LaDi-WM Model Significantly Improves Robot Operation Strategy Success Rates and Cross-Scenario Generalization Capabilities

Deep News
Aug 18

In robot operation tasks, predictive strategies have garnered widespread attention in the field of embodied artificial intelligence in recent years, as they can leverage predicted states to enhance robot operational performance. However, having world models predict precise future states of robot-object interactions remains a recognized challenge, particularly in generating high-quality pixel-level representations.

To address these issues, a team from the National University of Defense Technology, Peking University, and Shenzhen University proposed LaDi-WM (Latent Diffusion-based World Models), a latent space diffusion-based world model for predicting future states in latent space.

Specifically, LaDi-WM utilizes pre-trained vision foundation models to construct latent space representations that incorporate both geometric features (constructed based on DINOv2) and semantic features (constructed based on Siglip), with broad universality that benefits policy learning for robot operations and cross-task generalization capabilities.
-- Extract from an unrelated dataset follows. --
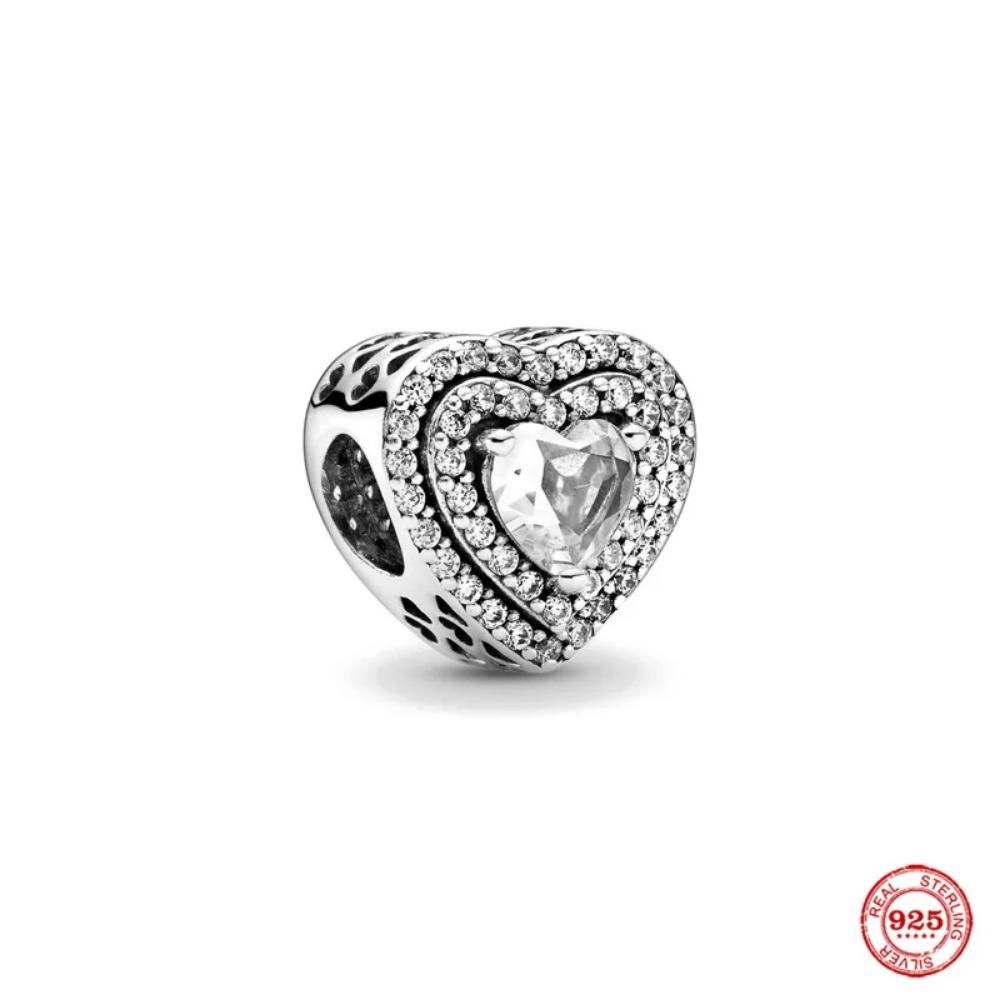 925 Silver Family Charm Fit Original Bracelet Jewelry Pendant Boy Girl Sparkling Mom Bead Sisters Dangle Plated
Based on LaDi-WM, the team designed a diffusion strategy that iteratively optimizes output actions by integrating predicted states generated by the world model, thereby producing more consistent and accurate action results.

Through extensive experiments on virtual and real datasets, LaDi-WM can significantly improve the success rate of robot operation tasks, particularly achieving a 27.9% improvement on the LIBERO-LONG dataset, surpassing all previous methods.

**Paper Innovations:**

1. A latent space diffusion-based world model: Uses vision foundation models to construct universal representations in latent space and learns generalizable dynamic modeling capabilities in latent space.

2. A diffusion strategy based on iterative optimization of world model predictions: Utilizes world model-generated future predicted states, feeds predicted states back to the policy model, and iteratively optimizes policy outputs.

Figure 1: (Left) Learning latent diffusion world model through task-agnostic segments; (Right) Optimizing policy model through world model's future state predictions

**Technical Approach**

The team proposed a framework that utilizes world models to optimize policy learning for learning robot grasping operation-related skill strategies. The framework can be divided into two major stages: world model learning and policy learning.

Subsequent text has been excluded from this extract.